Ahead of the first ever IPL auction, the BCCI asked every franchise whether they would want an icon cricketer. While the franchise’s brand value would increase, the icon would earn 15 per cent more than their most expensive cricketer. CSK owner N Srinivasan declined. They would end up spending too much on at least two cricketers, he realised.

With Tendulkar as their icon player, Mumbai Indians could not break their bank on Dhoni. CSK got their own unofficial icon. “There can be no bigger icon for me: big hitter, cool finisher, T20 World Cup-winning captain,” R Ashwin would later admit.

Chennai has known gods from other lands. None of “MGR”, Rajinikanth, or Ajith – three of the most celebrated Tamil actors of all time – was born in the state. Neither SP Balasubrahmanyam nor KJ Yesudas, two legendary singers, had Tamil as their first language.

But this was different. The city never had a hero this cricket-mad nation would cheer for in unison. In Dhoni, they found that.

An age-old connection

It is often forgotten that Dhoni had made his Test debut – a rain-washed affair – in Chennai. By the time he returned to the city, to play an ODI against the West Indies in early 2007, he was already the “hottest name in Indian cricket”.

One of the net bowlers then was in awe of the man, about “the way he hits, the way he finishes games, the long hair.” After the session, he clicked a photograph with his hero. Over the years, Ashwin forged a long-standing partnership with Dhoni.

Dhoni led CSK to an IPL title in 2010, then retained it in 2011. In between, he sent Nuwan Kulasekara into the orbits to clinch a World Cup. In 2013, he completed the full set of ICC trophies by winning the Champions Trophy.
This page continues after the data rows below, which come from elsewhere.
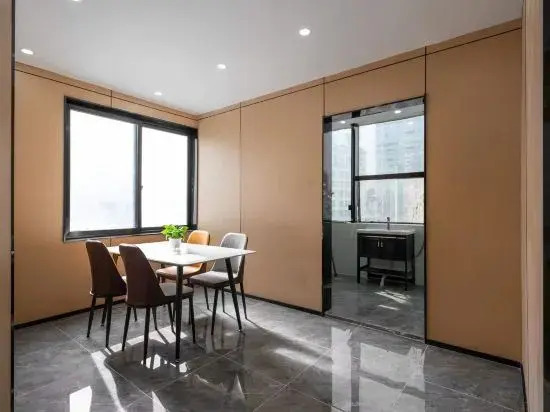 Oriental Paris Girls' Youth Hostel (Shanghai Railway Station Branch)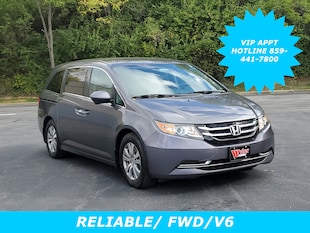 2016 Honda Odyssey 5dr SE Van Passenger Van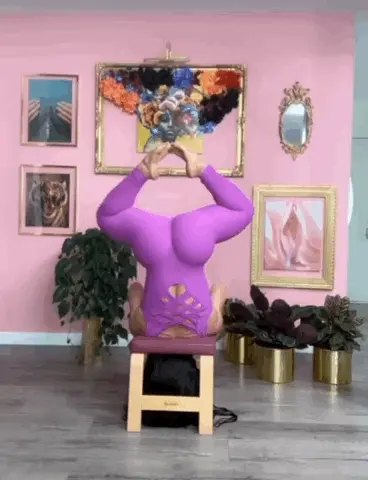 Sexy yoga!!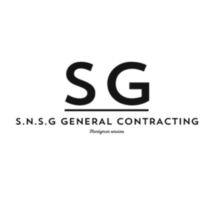 S.N.S.G GENERAL CONTRACTING's logo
This was a phase when he could do little wrong – especially in Chennai.

In 2012/13, he played two of his most famous innings in the city. First, an unbeaten 113 to lift India from 29-5 to 227-6 in an ODI against Pakistan. Then his highest Test score, the savage 265-ball 224 against Australia. “Two of the finest knocks we've had here at Chepauk,” feels Anirudh Narayanan, a Tamil Nadu Cricket Association umpire.

Thala for a reason

Then the fixing scandals unfolded. CSK were banned for 2016 and 2017. But the cheers followed Dhoni as he took the field in an unfamiliar Pune shirt. By the time CSK returned to the fold, he was no longer the Indian captain in any format.

If there was any doubt over him retaining his aura, it faded when the CSK fans “reverentially bathed” his cut-out poster in milk. He had arrived.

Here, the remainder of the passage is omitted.